Kepala Kantor Komunikasi Kepresidenan (PCO) Hasan Nasbi menanggapi isu wadah makanan MBG yang mengandung minyak babi. Ia menegaskan bahwa untuk memastikan kebenarannya, perlu dilakukan pengujian oleh lembaga berwenang seperti BPOM.

“Kalau pembuktian, misalnya soal nampan itu, kan nanti bisa diujilah. Nampannya begitu sampai di sini bisa diuji di BPOM. Bisa diuji, diuji di laboratorium independen, benar nggak begitu dia?” katanya dikutip detikNews (26/8/2025).

Hasan mengaku telah berkoordinasi dengan Kepala BPOM, Taruna Ikrar, terkait kabar ini. Ia meminta masyarakat untuk tidak mudah terprovokasi isu sensitif sebelum ada hasil pemeriksaan resmi.

“Kita bisa uji kok tadi saya sudah ketemu sama Kepala BPOM. Jadi itu pentingnya kita tidak gampang termakan isu yang sensitif, dan itu kan perlu diperiksa,” ujarnya.

Dalam kesempatan lain, Hasan kembali menegaskan pemerintah berkomitmen menjaga keamanan program MBG.

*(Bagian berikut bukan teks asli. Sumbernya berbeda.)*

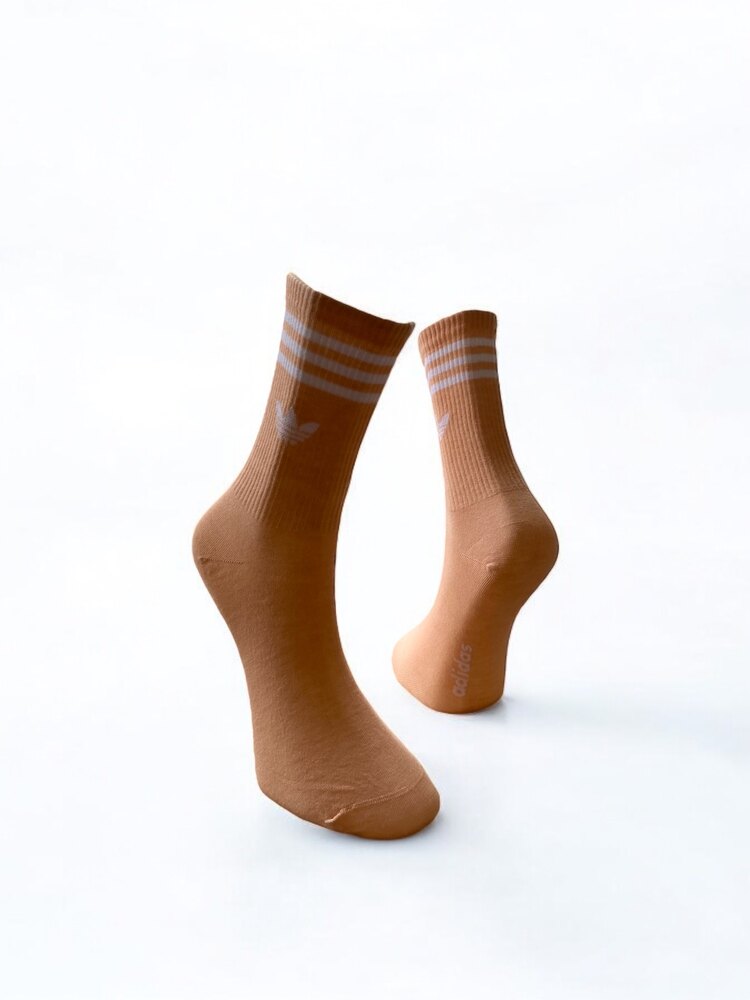 Premium Kalite Adidas Soket Çorap (6 çift)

“Sejauh ini kita tidak menemukan. Tetapi kalau memang ada kekhawatiran soal itu, kita riset, bisa diuji di BPOM,” jelasnya.

“Jadi itu pentingnya kita tidak gampang termakan oleh isu-isu. Apalagi isu-isu yang sangat sensitif dan itu kan memang harus diperiksa,” pungkasnya.

Respons Badan Gizi Nasional (BGN)

Kepala Badan Gizi Nasional (BGN) Dadan Hindayana juga merespons isu tersebut. Ia menyatakan pihaknya sedang melakukan pengecekan mendalam.

“Sedang check and recheck (diperiksa kembali),” kata Dadan, Selasa (26/8), dilansir Antara.

Dadan menambahkan, selama ini BGN belum pernah melakukan pengadaan ompreng atau food tray untuk program MBG.

“BGN kan belum pernah mengadakan,” pungkasnya.